The importance of the declaration of unseizability for sole traders

All sole traders have the option of filing a declaration of unseizability, to protect their property in the event of insolvency proceedings. However, this declaration must be made in advance: once judicial liquidation, safeguard or reorganization proceedings have begun, it is unfortunately too late.

What is a declaration of unseizability?

While the main residence of a sole trader, craftsman, self-employed professional or micro-entrepreneur is automatically exempt from seizure by his professional creditors in the event of insolvency proceedings, this is not the case for his other real estate assets.

Whether built or unbuilt, owned, shared or undivided, a sole trader's real estate assets may be seized in the event of compulsory liquidation, reorganization or safeguard, provided they are not related to his or her business activity. This may include a second home, land or an apartment under construction.

To protect their assets from professional creditors, sole traders can file a declaration of unseizability.

When and how do I file a declaration of unseizability?

It is imperative that the declaration of unseizability be filed before any insolvency proceedings are initiated. As confirmed by a decision of the Commercial Chamber of the French Supreme Court (Cour de cassation) dated March 10, 2021, "this declaration only has effect if it has been published prior to the opening of the collective proceedings, even if they are safeguard proceedings".

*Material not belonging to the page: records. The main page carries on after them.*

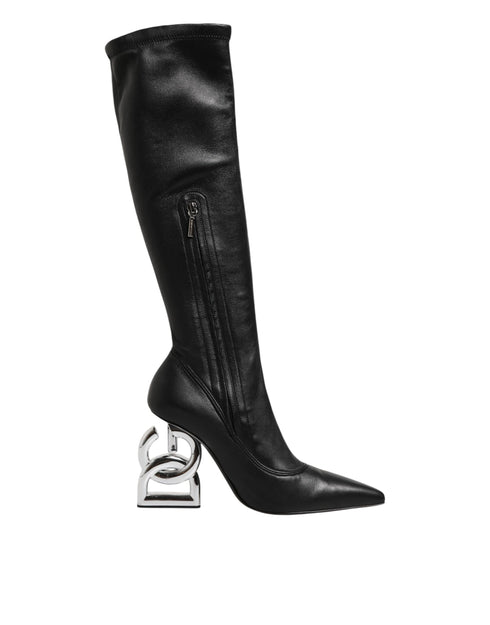 Dolce & Gabbana Black Leather DG Logo Knee High Boots Shoes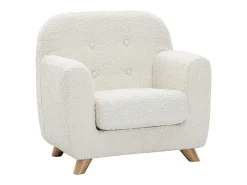 Sillón para niños nórdico de borreguillo blanco y madera clara NORKID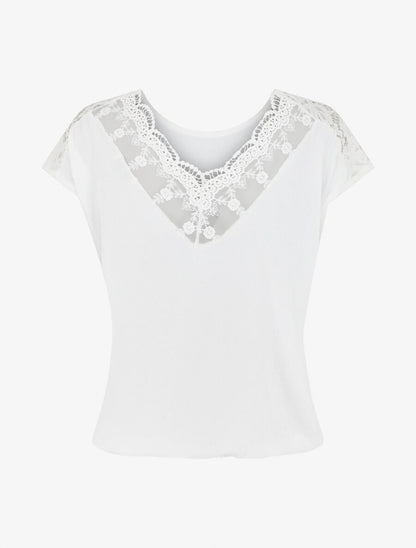 Top uni à dos en dentelle - Blanc - 2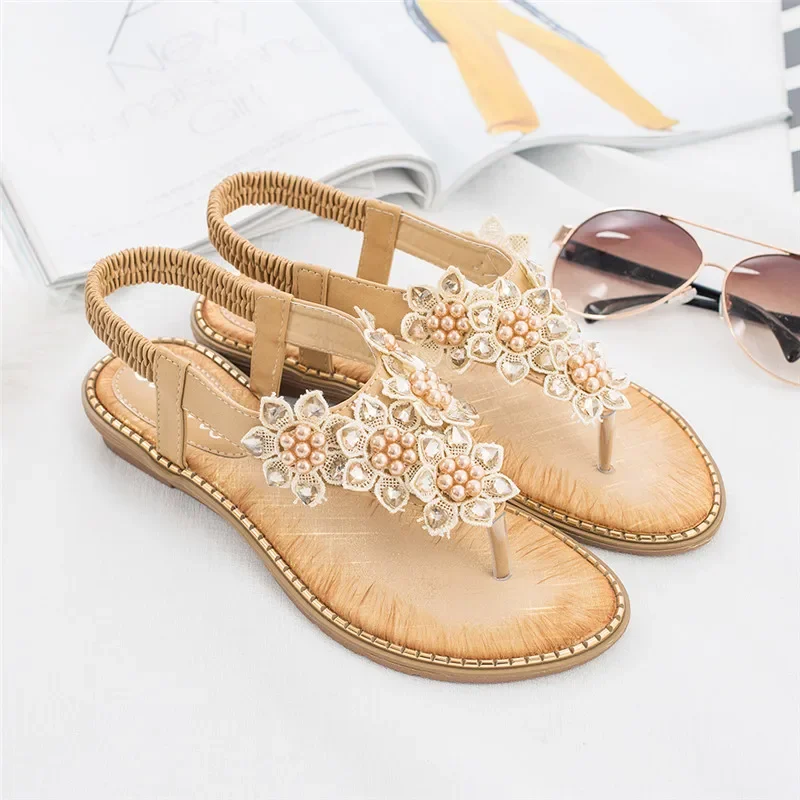 YAERNI Women Sandals New Fashion Bead Flower Round Toe Flip-flop Sandals Female Trend Summer Shoes Woman Plus Size 36-42 - Image 3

The declaration of unseizability must be made before a notary. It is then published at the Service de publicité foncière and mentioned in a legal gazette, in the Registre du commerce et des sociétés or in the Répertoire des métiers, depending on the registration status of the individual entrepreneur.

It contains a detailed description of the property to be exempted from seizure, specifying whether it is owned, held in common or undivided.

In this case, the property of the sole trader is considered unseizable by his business creditors, in the event of subsequent business debts. On the other hand, they are not protected if the entrepreneur has incurred personal debts, and can therefore be seized by personal creditors.